Transfer Agent's Delay Causes Stockholders Millions in Losses

With all due respect to Coach Norman Dale, Al Pacino’s character in Any Given Sunday delivers one of the all-time best locker-room speeches in movie historyIt’s the so-called “Life’s a Game of Inches” speech. Pacino’s message is a play on the old axiom – “timing is everything.”

“You find out life’s a game of inches, so’s football. Because in either game, life or football, the margin for error is so small. I mean, one-half a step too late or too early and you don’t quite make it. One-half second too slow, too fast, you don’t quite catch it. The inches we need are everywhere around us. They are in every break of the game. Every minute, every second.”

Pacino’s speech feels relevant when reviewing Parseghian v. Frequency Therapeutics, Inc., No. 2021-0551-PAF (Del. Ch. June 21, 2022). It’s a painful read for anyone watching their investments, 529 accounts, and IRAs plummet over the past few months.

In Parseghian, two stockholders in Frequency Therapeutics decided to sell their shares.  The stockholders asked the company’s stock transfer agent to transfer their shares to their brokerage account. But some technical and paperwork issues caused a six-week delay. The day before the transfer agent finally transferred the shares, Frequency Therapeutics got hit with bad news. Clinical trial data showed an in-development drug didn’t work. The company’s share price dropped precipitously from $36.29 to $7.99 per share in a single day. The stockholders’ shares dropped about $3 million in value in those 24 hours.

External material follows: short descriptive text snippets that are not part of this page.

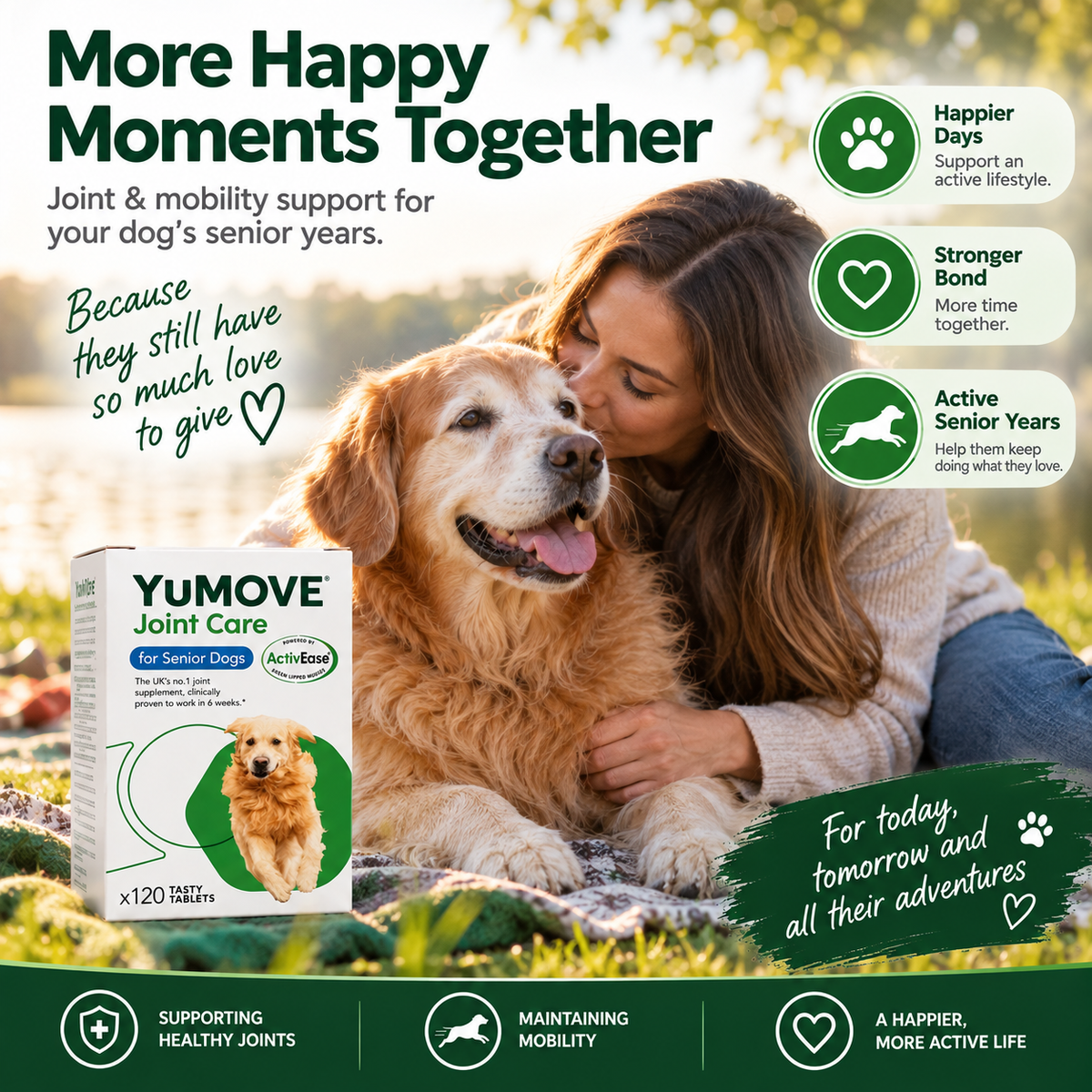 YuMOVE Joint Care for Senior Dogs – 120 Tablets | Hip & Joint Mobility Support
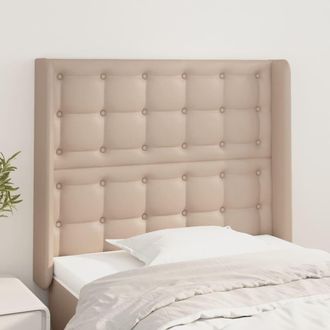 vidaXL Cabecero Con Orejas Cuero Sint&eacute;tico Capuchino 103x16x118/128 Cm Vidaxl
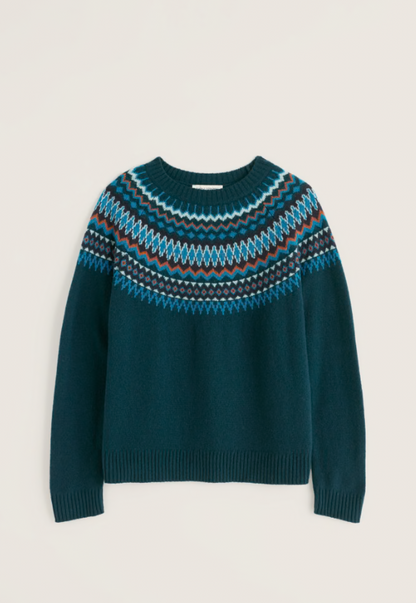 Seasalt Gurnard's Head Fair Isle Jumper Windward Raincloud Mix. Womens fair isle merino jumper that's Easy fit with Crew neck and Ribbed hem and cuffs and Ribbed neckline that's Hand Wash In Cold Water. Material: 80% Merino Wool & 20% Recycled Nylon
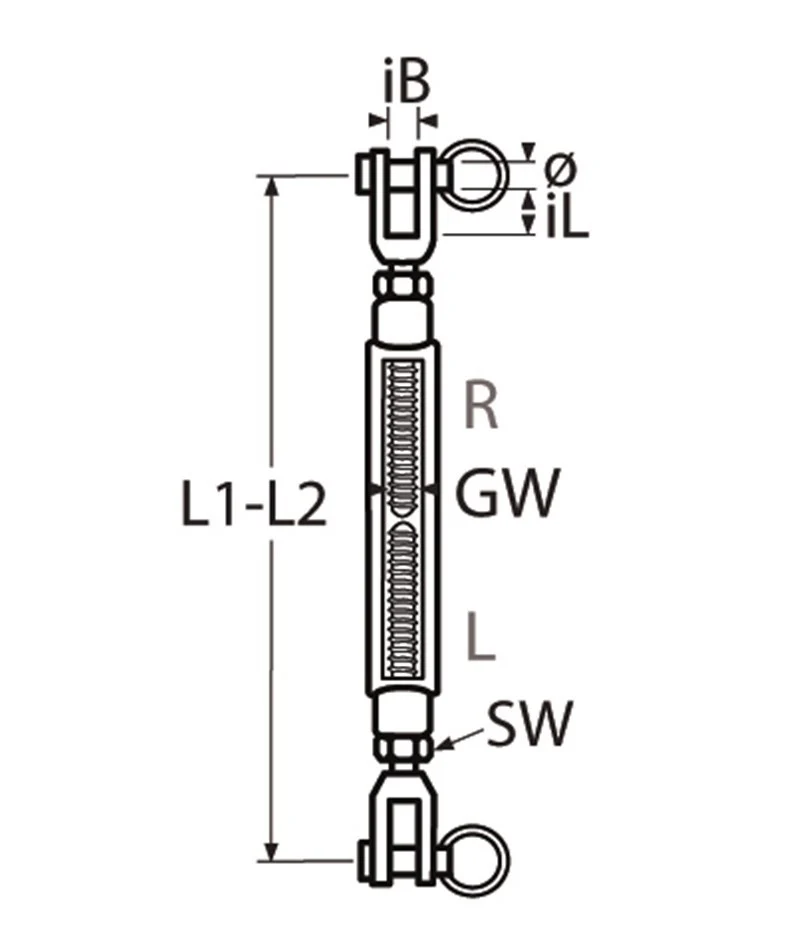 Marinetech Wantspanner M5 Open Gaffel-Gaffel BL: 500kg - Image 2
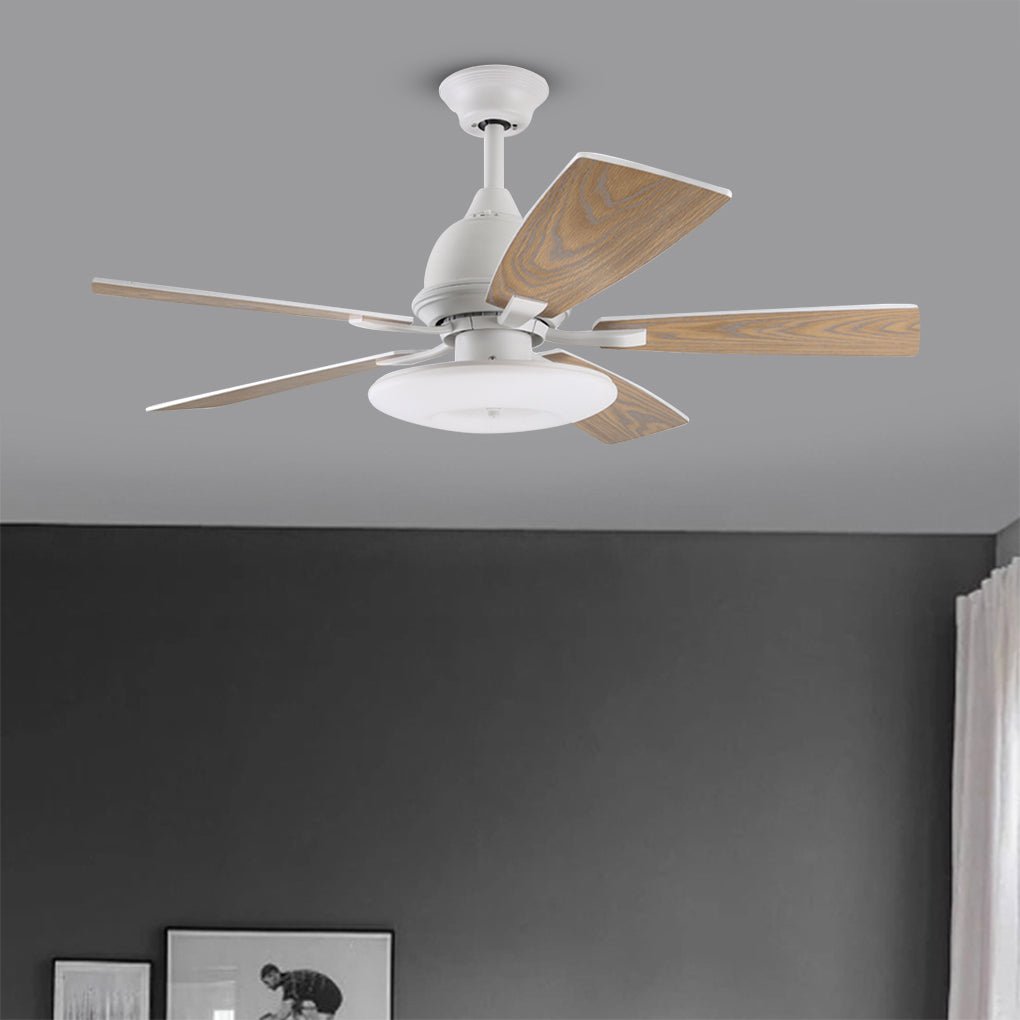 52 Inch Creative Nordic Retro Ceiling Fan Lamp with Light Source Remote Control - Dazuma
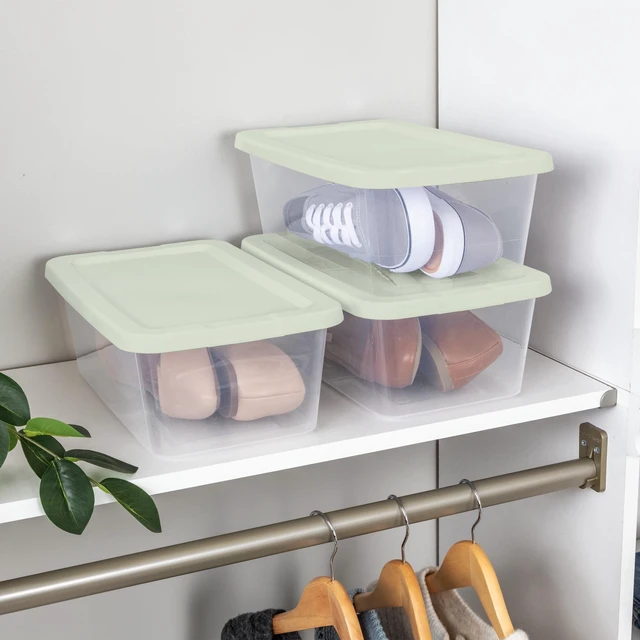 Alt view image 6 of 6 - Sterilite 6 Quart Storage Boxes, Set of 10, Clear Plastic Storage Bin with Snap-on Lid, Light Green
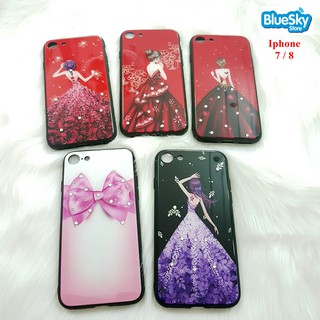Ốp lưng Iphone 7 / 8 gương đính đá hình cô gái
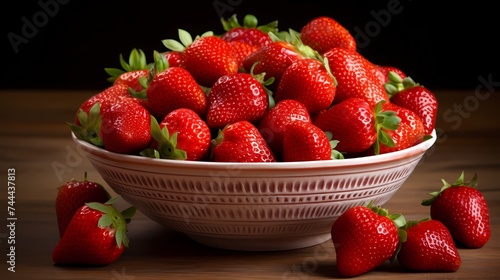 A bowl filled with ripe and juicy strawberries.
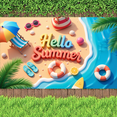 thumbnail image 4 of Beach Theme Summer Banner with Vacation Elements for Summer Party Outdoor Events Holiday Decor, 4 of 8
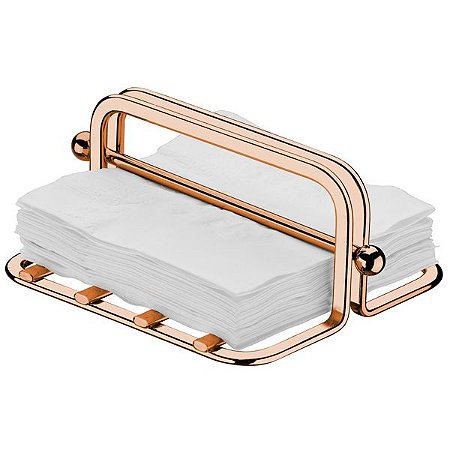 Porta Guardanapos De Mesa Tamanho Pequeno Com Peso Rosé Gold Luxo - Ref. 1611rg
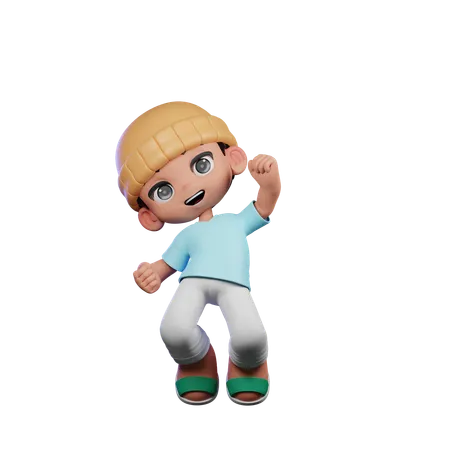 Cute Boy Giving Happy Jump Air Pose  3D Illustration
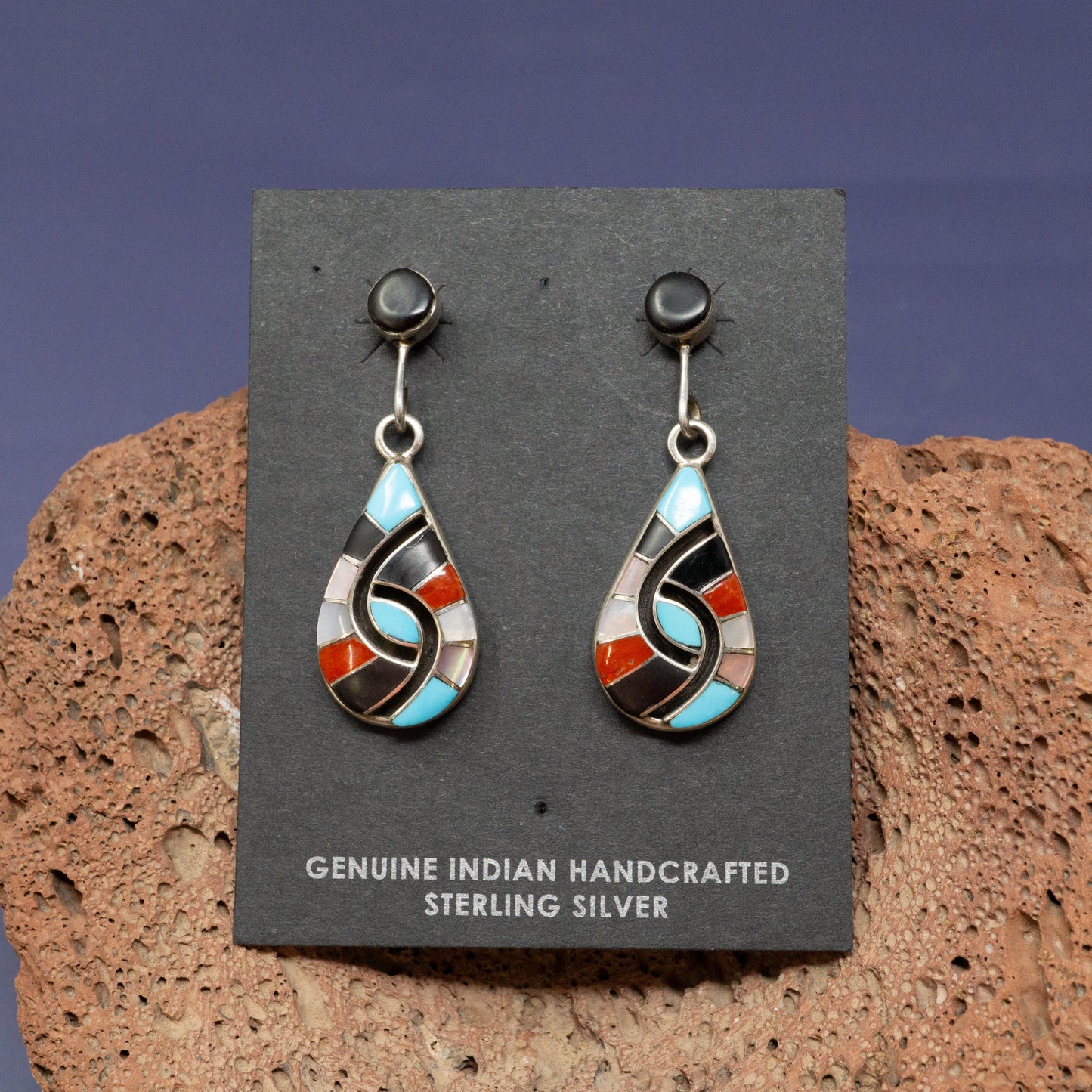 Sleeping Beauty Turquoise, Coral & Abalone 3 Teardrop Inlay Pendant Linked Necklace and Earring Set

Inches – they’re everywhere.

The stockholders understandably were enraged at their loss and brought suit in the Delaware Court of Chancery. Stockholders asserted Frequency Therapeutics’ CEO breached his fiduciary duties by obstructing the stockholders’ share-transfer while simultaneously selling millions of dollars’ worth of shares under his 10-b-5-1 plan. The stockholders’ other claims were against Frequency Therapeutics and its transfer agent for conversion and negligence. The stockholders sought only money damages. All defendants filed motions to dismiss for failure to state a claim under Rule 12(b)(6).

The court’s decision is an important reminder of the Delaware Court of Chancery’s limited jurisdiction. The Court of Chancery has jurisdiction only when equitable claims are asserted or equitable relief is sought. Stockholders’ only equitable claim was for the CEO’s breach of fiduciary duty, and the court determined that claim was woefully deficient.

Stockholders alleged the CEO obstructed the stock transfer, but made no factual allegations to support the claim. The best stockholders could muster were conclusory allegations that the CEO “was likely” aware of the clinical trial results. The stockholders had no proof sufficient to support an allegation that the CEO took any steps to delay or obstruct the transfer of stockholders’ shares.

Both stockholders and defendants urged the Court of Chancery to decide the remaining claims under the “clean-up doctrine.” But the court refused. Without the fiduciary-duty claim, the court concluded it had no other jurisdictional hook to decide stockholders’ negligence and conversion claims. The parties are now forced to file in a different court.

Key Takeaways:

  • The parties’ desire to have the Court of Chancery hear their dispute is understandable. It’s one of the most sophisticated benches in the country, with a well-developed body of business law and significant resources to support the court’s work. But even when both parties agree, the Court of Chancery will still closely scrutinize its limited jurisdiction. Much like federal district courts, the first question on the Court of Chancery’s mind is whether it has the power to decide the case.
  • The court’s reluctance to exercise jurisdiction makes sense here. The stockholders’ sole equitable claim for fiduciary-duty breach was bare-bones and predicated on complete conjecture. If the court exercised jurisdiction over the stockholders’ other, more meritorious tort claims, it would incentivize future litigants to concoct equitable claims they know will lose in order to gain entry to the Court of Chancery.
  • This case will be interesting to monitor when refiled. The transfer agent’s excuse for the six-week delay was an “inconsistency” between the accounts on the transfer agent’s records and those of the broker. Accurate and complete records are important, but it’s hard to see any justification for such an extended delay in a simple stock transfer. Stockholders will no doubt “claw with their fingernails for that inch” to make defendants pay.